Around 20 girls are gathered in the gym at the Dallas International School. Two are hanging on a trapeze, one is wrapped in an aerial rope, a few are suspended from lyra — aerial hoops — and another is on a mat in the corner whirling gold hula hoops from various limbs.
When one thinks of circus performers, they often think of goofy clowns and ambidextrous jugglers. But the after-school circus program at DIS shows the physical strength, coordination, and training that truly goes into performing.
All of this is overseen by Fanny Kerwich, who founded the after-school program in 2000. An eighth-generation circus performer from France, Kerwich decided she wanted to introduce the art of circus performing to Dallas following a career touring around the world.
“I do have an emotional attachment to the school because this is where I started,” said Kerwich, who founded the Lone Star Circus six years after her start at DIS.
The beginning of practice finds all students practicing floor work, focusing on flexibility, poise, and strength through somersaults, splits, and other routines. Then the class divides into groups. Various instructors — all professional performers with different skill sets — work with the students on different specialties while Kerwich observes.
During the first semester of each school year, students have an opportunity to try all the different acts. During their second semester, students decide what they would like to focus on for the annual performance in the spring. Kerwich encourages the students to try their hand at all the different specialties.
While the class does act as a form of physical education, to Kerwich, it isn’t just another form of exercise.
“It’s a good way for expression and artistry,” she said. “[Dallas International School] is a school that gives a lot of opportunity to the arts.”
The after-school program consists of two classes each Thursday evening — the first for the younger students, and the second for the advanced.

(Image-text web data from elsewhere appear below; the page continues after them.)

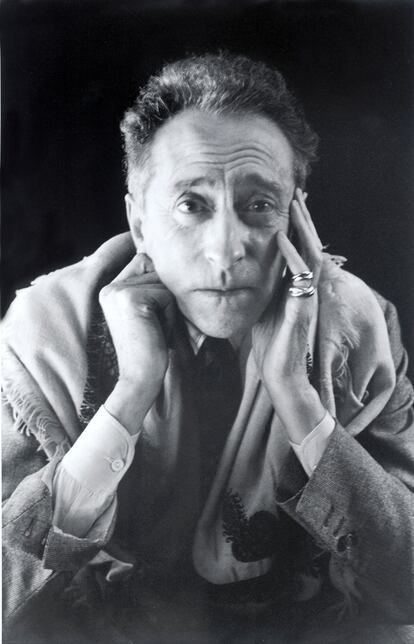 Jean Cocteau, con el anillo Trinity de Cartier. 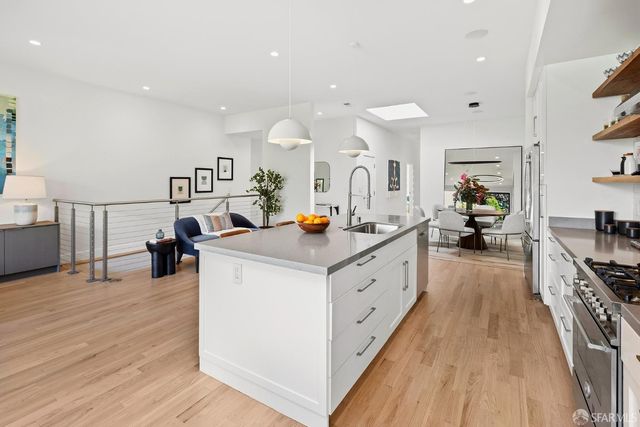 944 Hampshire Street, San Francisco, CA 94110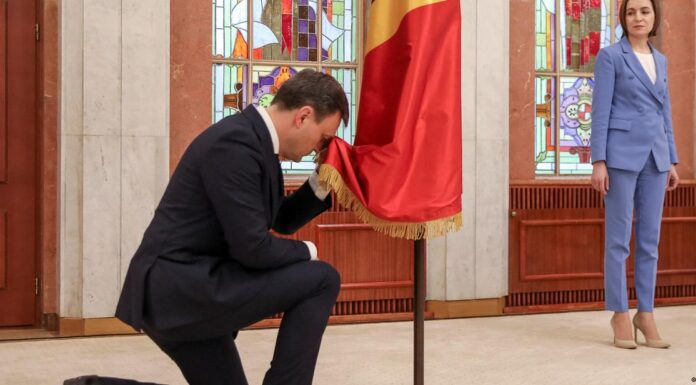 Moldova swears in new government amid Russia tensions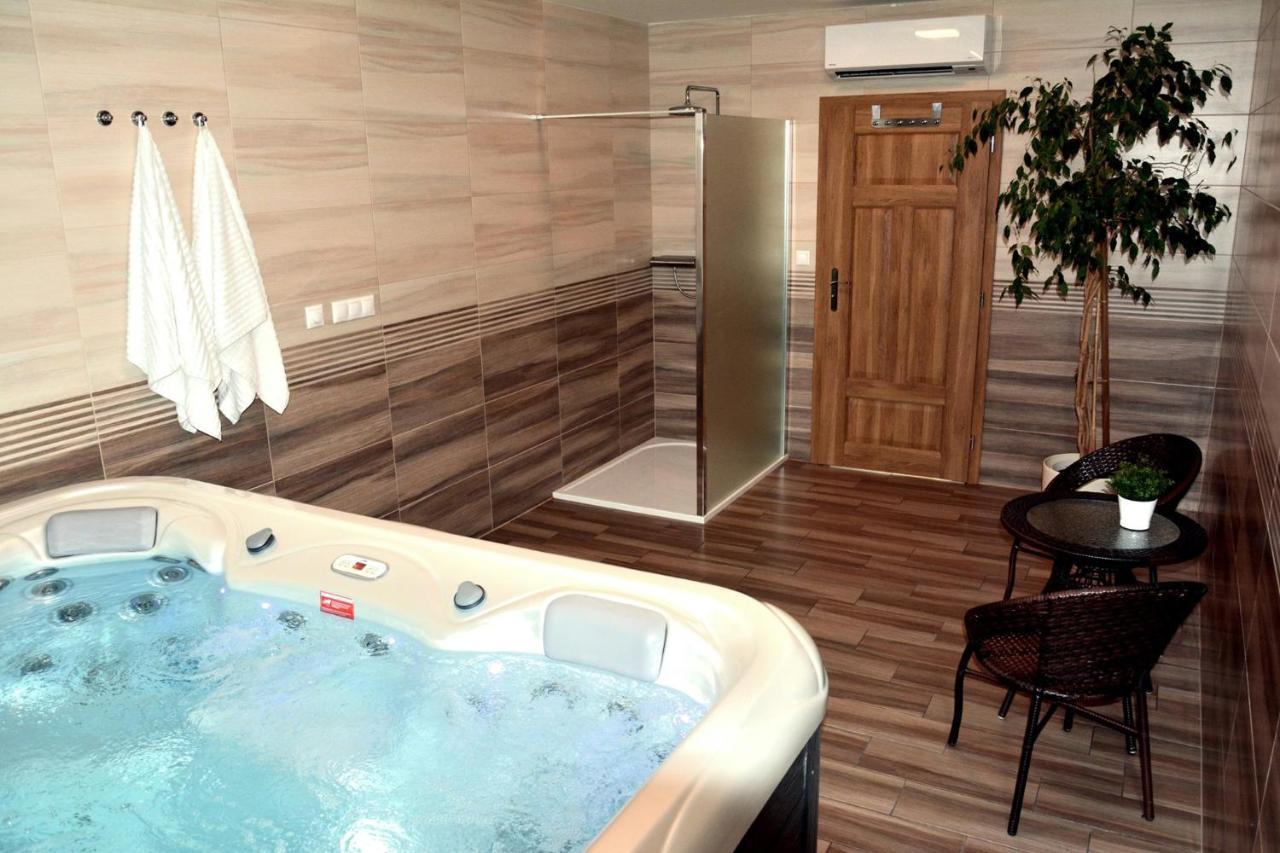 Apartmany U Kotacku Veverske Kninice Bagian luar foto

For some DIS students, like 14-year-old Clair McFadden, these classes aren’t just an extracurricular activity.
“This is my dream,” she said. She pulls out a mat and exhibits her contortion skills, standing on one leg and bringing the other up and parallel to her body, slowly pulling it past her head to the other shoulder.
The DIS eighth-grader has been a part of the program since kindergarten.
“It really gives me a chance to be passionate about something,” McFadden said. “I really feel like I belong here and I can really show who I really am without being judged.”
For others, such as DIS seventh-grade student Camille Hernandez, the class is more recreational than vocational. The 13-year-old has been attending classes for nine years. She says the class has taught her flexibility and tricks.
While Hernandez said she doesn’t plan to make a profession of performing, “it’s something that I plan to keep doing until I graduate.”
As the practice nears conclusion, Kerwich said she is proud of the success of the program. She adds that it couldn’t have been done without the support of the school.
“Every year it’s been a success and a joyful moment,” Kerwich said. “My goal throughout the program is to provide the best quality training you can have in the U.S. The program we have here in DIS is one of the strongest in the country.”